Hey guys, just wanted to get some insight on a vermeer 630b stump grinder I have a lead on. It needs some motor work, ie. heads worked, valve job done.... New set of teeth. I'm going to find out how many hours is on her tomorrow.. I heard she's a dinosaur and kinda slow, but it'd be my first stump grinder and expand my business. Any suggestions welcome


----------



## Oak Savanna (Mar 23, 2014)

Quikaj01 said:


> Hey guys, just wanted to get some insight on a vermeer 630b stump grinder I have a lead on. It needs some motor work, ie. heads worked, valve job done.... New set of teeth. I'm going to find out how many hours is on her tomorrow.. I heard she's a dinosaur and kinda slow, but it'd be my first stump grinder and expand my business. Any suggestions welcome



Don't know much about the 630b. I have a 252, 602 and 1102. All good machines. Now just because you can pick it up for $525 doesn't mean it's a good deal. You could end up spending thousands to bring an old machine back to life when maybe you could have gotten a newer machine in working condition for the same as what you put into that old one. Just something to consider. That's my 2 cents


----------



## Quikaj01 (Mar 23, 2014)

It was the city's stump grinder.. Supposedly the operator bypassed the governor to get threw jobs faster... It comes with a new set of teeth. I'm going to look at it tomorrow. Mean while looking at the going rate and how much parts will be..


----------



## Oak Savanna (Mar 23, 2014)

Quikaj01 said:


> It was the city's stump grinder.. Supposedly the operator bypassed the governor to get threw jobs faster... It comes with a new set of teeth. I'm going to look at it tomorrow. Mean while looking at the going rate and how much parts will be..

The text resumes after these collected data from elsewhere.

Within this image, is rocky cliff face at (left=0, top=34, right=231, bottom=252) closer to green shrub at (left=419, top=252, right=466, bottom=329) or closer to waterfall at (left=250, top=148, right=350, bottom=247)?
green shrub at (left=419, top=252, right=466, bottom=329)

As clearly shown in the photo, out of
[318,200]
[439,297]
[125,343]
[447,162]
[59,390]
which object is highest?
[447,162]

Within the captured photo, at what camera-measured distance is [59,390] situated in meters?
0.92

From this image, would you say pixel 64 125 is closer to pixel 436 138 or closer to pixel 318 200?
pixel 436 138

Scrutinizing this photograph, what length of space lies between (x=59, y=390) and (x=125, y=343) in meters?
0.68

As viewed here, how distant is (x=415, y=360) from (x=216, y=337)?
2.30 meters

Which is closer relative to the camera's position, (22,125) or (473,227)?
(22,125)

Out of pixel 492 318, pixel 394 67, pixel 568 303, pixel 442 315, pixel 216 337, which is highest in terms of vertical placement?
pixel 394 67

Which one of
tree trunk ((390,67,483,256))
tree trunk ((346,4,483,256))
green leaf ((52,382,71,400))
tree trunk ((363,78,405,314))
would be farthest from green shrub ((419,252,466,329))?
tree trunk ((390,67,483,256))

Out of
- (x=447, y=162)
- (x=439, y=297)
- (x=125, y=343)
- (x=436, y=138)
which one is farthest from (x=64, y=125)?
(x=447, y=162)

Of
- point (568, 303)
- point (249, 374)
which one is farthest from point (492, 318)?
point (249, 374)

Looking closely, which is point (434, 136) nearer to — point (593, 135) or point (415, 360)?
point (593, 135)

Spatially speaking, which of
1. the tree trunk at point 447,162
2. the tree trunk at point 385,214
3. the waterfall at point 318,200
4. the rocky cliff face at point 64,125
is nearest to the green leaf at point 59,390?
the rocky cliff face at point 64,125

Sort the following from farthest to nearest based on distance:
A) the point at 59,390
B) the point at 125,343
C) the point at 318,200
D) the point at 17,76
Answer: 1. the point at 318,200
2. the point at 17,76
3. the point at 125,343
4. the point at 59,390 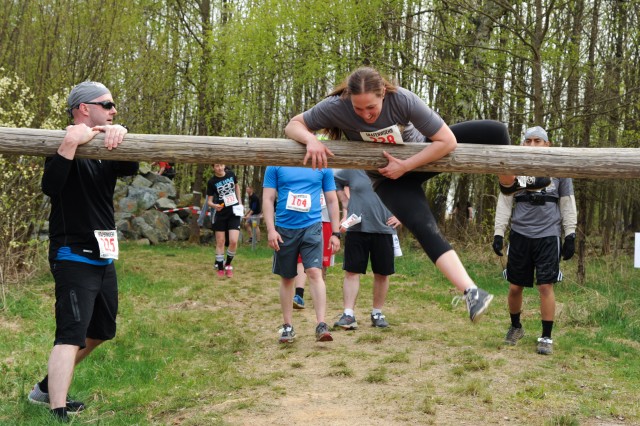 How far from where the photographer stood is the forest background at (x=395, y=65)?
36.2ft

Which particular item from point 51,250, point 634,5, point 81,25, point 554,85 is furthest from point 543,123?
point 51,250

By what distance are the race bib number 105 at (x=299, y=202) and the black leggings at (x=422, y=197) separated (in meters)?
2.31

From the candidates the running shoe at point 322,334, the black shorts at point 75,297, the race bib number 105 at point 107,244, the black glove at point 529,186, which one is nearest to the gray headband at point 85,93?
the race bib number 105 at point 107,244

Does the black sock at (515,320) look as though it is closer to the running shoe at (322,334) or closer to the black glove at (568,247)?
the black glove at (568,247)

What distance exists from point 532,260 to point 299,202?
2.41m

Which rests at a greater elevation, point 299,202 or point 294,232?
point 299,202

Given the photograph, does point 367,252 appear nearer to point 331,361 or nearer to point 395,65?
point 331,361

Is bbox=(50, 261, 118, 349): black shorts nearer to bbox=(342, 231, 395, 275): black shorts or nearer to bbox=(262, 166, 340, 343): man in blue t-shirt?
bbox=(262, 166, 340, 343): man in blue t-shirt

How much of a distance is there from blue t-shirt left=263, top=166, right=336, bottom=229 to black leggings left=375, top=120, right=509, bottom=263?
2.36 metres

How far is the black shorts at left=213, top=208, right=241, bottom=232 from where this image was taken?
41.0 feet

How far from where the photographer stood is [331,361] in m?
6.40

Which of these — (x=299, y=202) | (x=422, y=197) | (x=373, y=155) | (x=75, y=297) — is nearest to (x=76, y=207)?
(x=75, y=297)

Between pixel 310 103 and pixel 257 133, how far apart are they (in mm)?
1973

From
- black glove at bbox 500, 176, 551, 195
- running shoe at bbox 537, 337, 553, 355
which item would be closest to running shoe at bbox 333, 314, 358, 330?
running shoe at bbox 537, 337, 553, 355
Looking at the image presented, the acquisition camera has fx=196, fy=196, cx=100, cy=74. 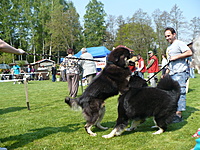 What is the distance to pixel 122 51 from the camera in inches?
162

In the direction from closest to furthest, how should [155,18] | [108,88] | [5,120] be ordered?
[108,88]
[5,120]
[155,18]

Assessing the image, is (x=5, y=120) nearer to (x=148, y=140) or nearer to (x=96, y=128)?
(x=96, y=128)

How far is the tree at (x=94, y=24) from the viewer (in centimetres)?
5062

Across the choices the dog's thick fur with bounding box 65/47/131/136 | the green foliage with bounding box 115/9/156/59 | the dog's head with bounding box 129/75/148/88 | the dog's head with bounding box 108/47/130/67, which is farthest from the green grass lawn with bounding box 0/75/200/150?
the green foliage with bounding box 115/9/156/59

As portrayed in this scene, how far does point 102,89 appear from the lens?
382cm

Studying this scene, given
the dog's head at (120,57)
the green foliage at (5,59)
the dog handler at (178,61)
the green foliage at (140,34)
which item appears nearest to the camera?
the dog's head at (120,57)

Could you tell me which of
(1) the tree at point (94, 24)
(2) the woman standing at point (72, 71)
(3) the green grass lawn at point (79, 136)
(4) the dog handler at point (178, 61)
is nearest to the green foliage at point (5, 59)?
(1) the tree at point (94, 24)

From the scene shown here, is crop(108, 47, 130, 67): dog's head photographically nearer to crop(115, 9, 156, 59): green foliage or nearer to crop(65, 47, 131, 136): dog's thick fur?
crop(65, 47, 131, 136): dog's thick fur

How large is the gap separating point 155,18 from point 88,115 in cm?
3557

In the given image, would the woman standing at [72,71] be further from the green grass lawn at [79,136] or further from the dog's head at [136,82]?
the dog's head at [136,82]

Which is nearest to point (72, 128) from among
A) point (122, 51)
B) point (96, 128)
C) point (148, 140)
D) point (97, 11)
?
point (96, 128)

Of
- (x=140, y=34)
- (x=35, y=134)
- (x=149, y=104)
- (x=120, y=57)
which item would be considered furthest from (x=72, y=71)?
(x=140, y=34)

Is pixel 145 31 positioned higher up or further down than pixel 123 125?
higher up

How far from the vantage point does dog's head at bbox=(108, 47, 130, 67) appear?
4.02 m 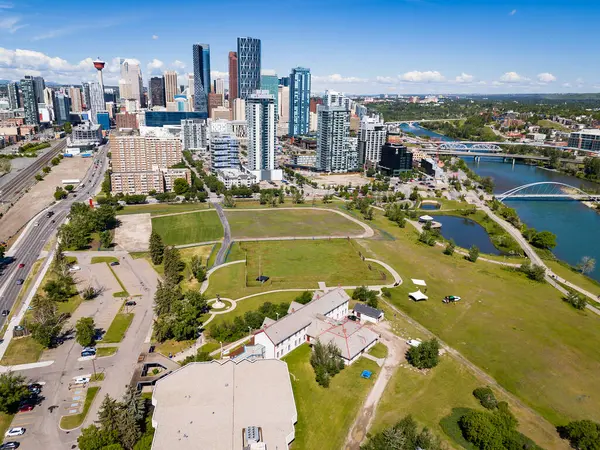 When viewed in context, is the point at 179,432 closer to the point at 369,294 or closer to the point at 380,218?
the point at 369,294

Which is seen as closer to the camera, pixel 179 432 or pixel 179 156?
pixel 179 432

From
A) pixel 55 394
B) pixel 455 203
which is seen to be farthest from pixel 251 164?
pixel 55 394

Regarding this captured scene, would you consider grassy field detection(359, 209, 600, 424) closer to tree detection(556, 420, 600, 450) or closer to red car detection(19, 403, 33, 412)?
tree detection(556, 420, 600, 450)

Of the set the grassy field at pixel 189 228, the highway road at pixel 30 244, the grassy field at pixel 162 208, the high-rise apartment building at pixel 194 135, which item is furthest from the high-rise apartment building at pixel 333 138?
the highway road at pixel 30 244

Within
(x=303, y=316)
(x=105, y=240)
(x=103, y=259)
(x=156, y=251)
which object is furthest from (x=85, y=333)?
(x=105, y=240)

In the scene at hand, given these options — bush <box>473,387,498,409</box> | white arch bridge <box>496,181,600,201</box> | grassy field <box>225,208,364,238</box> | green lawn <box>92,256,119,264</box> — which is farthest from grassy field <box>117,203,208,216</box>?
white arch bridge <box>496,181,600,201</box>

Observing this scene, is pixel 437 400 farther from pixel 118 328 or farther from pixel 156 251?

A city worker trying to get a job done FASTER?! Unheard of around here. Most city employees would try and find a way to slow it down!! Teeth are cheap compared to engine repairs. It can have the best teeth in the world, if it doesn't run what good are they?!


----------



## Quikaj01 (Mar 23, 2014)

Haha.. I know right! It's worth looking at. I've rebuilt several engines.. Just getting parts for the Wisconsin W4 1770 might be a challenge, but if I have a decent grinder afterwords it will be worth it!


----------



## Oak Savanna (Mar 23, 2014)

Quikaj01 said:


> Haha.. I know right! It's worth looking at. I've rebuilt several engines.. Just getting parts for the Wisconsin W4 1770 might be a challenge, but if I have a decent grinder afterwords it will be worth it!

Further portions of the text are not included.